The Craft Group began as an offshoot of the UMW, making handcrafted items to be sold at the annual bazaar. They meet on Wednesday mornings from 9:30 till 12:30 and, though they still make most of the items sold at the bazaar, they have a new mission! Since 2004, this dedicated group of ladies has been making Rag Dolls 2 Love and they have sent them all over the world to be enjoyed by children and adults living in poor, war-torn or disaster-stricken areas. These dolls have brought comfort, love and happiness to children at home and abroad.
Open Hearts is a group of women who meet every Thursday from 10:00am-12:00pm for study, fellowship and discussion. Topics may be presented by a speaker or video, or the group might do a book discussion. The leadership is shared and the topics are chosen by the group. All are welcome to come and enjoy this fun group of ladies who share laughter and snacks as well as joys and concerns.
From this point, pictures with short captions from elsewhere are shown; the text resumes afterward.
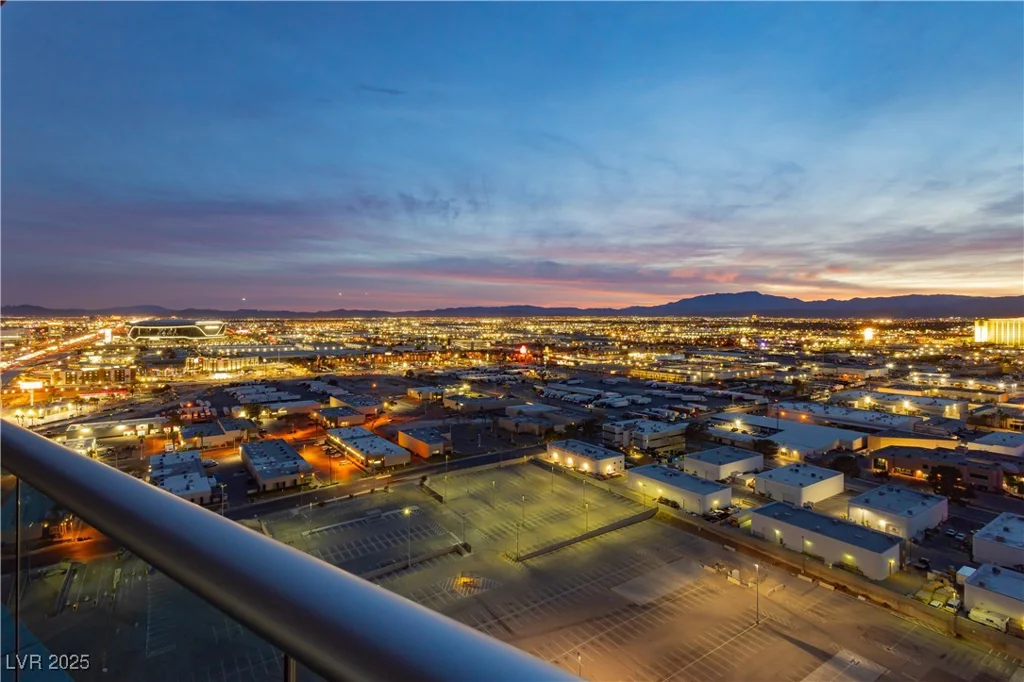 4575 Dean Martin, Las Vegas, NV 89103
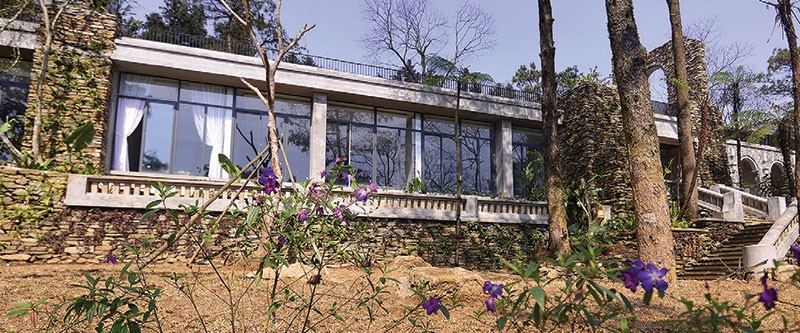 Dự án resort 5 sao Le Mont xây trái phép giữa Vườn Quốc gia Ba Vì.
ảnh: Dũng Minh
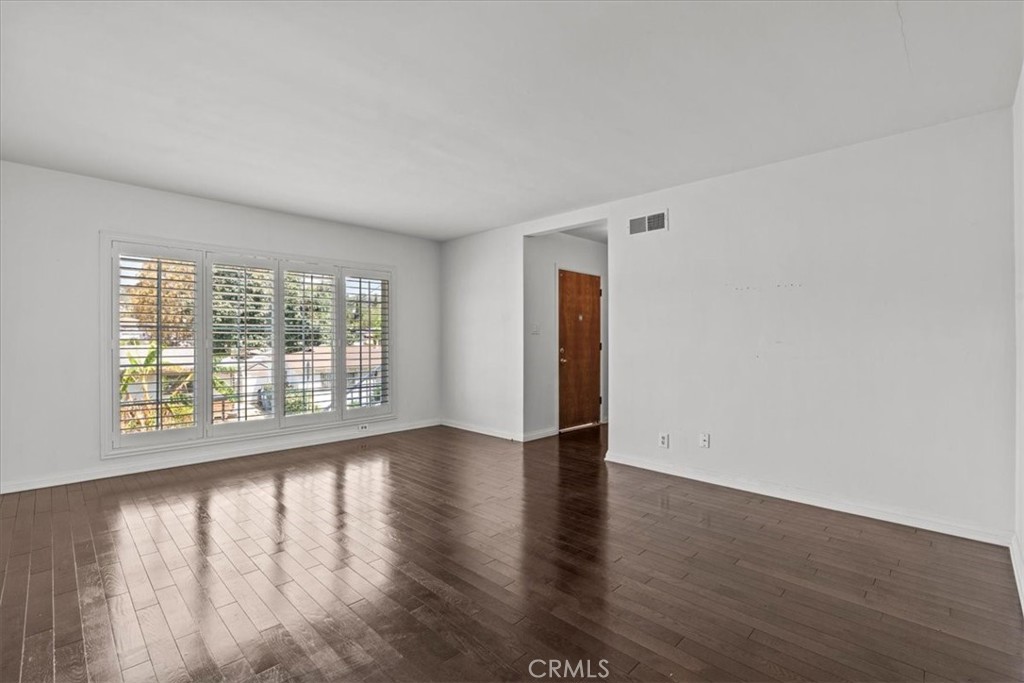 MLS #DW25180215 image #36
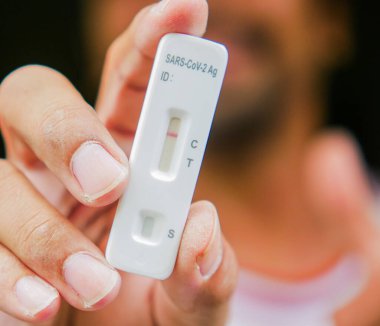 Covid-19 antijen test kiti ya da ATK enfeksiyonu için test kiti olmayan test sonuçlarını göster. Coronavirüs krizindeki sağlık konsepti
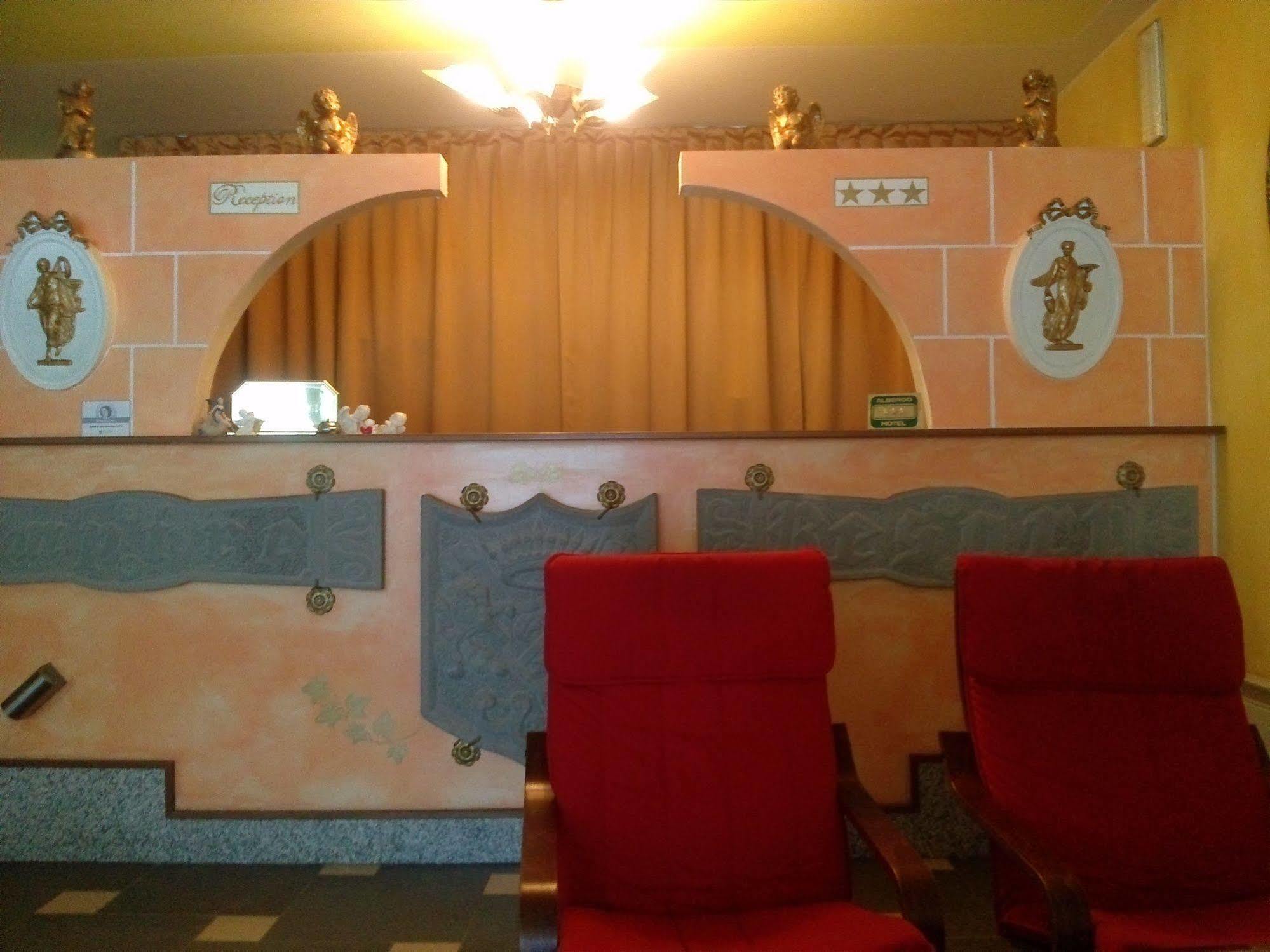 Hotel Empire Resort Iseo Esterno foto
The United Methodist Men meet on Sunday evenings from 7-8:30pm for Bible study and fellowship. They are a part of the national organisation of United Methodist Men whose vision is "To Help Men Grow In Christ, So Others May Know Christ."
For All Adults
All ages are welcome to enjoy a delicious lunch and warm fellowship at noon on the third Tuesday of every month. Sign up on the clipboard in the Fellowship Hall or by calling the church office at 503-636-8423. The cost is $4.00 per person.
The Sustainability Group works to help educate the congregation and the community about ways we can better care for our shared home, the Earth. They wrestle with the problem/challenge of sustainability and a wide range of partial solutions. As Methodists, they engage in this challenge in order to seek and offer morally sound solutions. They welcome the insights and input of all members of the congregation.
“Inclusiveness means openness, acceptance, and support that enables all persons to participate in the life of the Church, the community, and the world. Inclusiveness denies every semblance of discrimination. The services of worship of every United Methodist Church shall be open to all persons.”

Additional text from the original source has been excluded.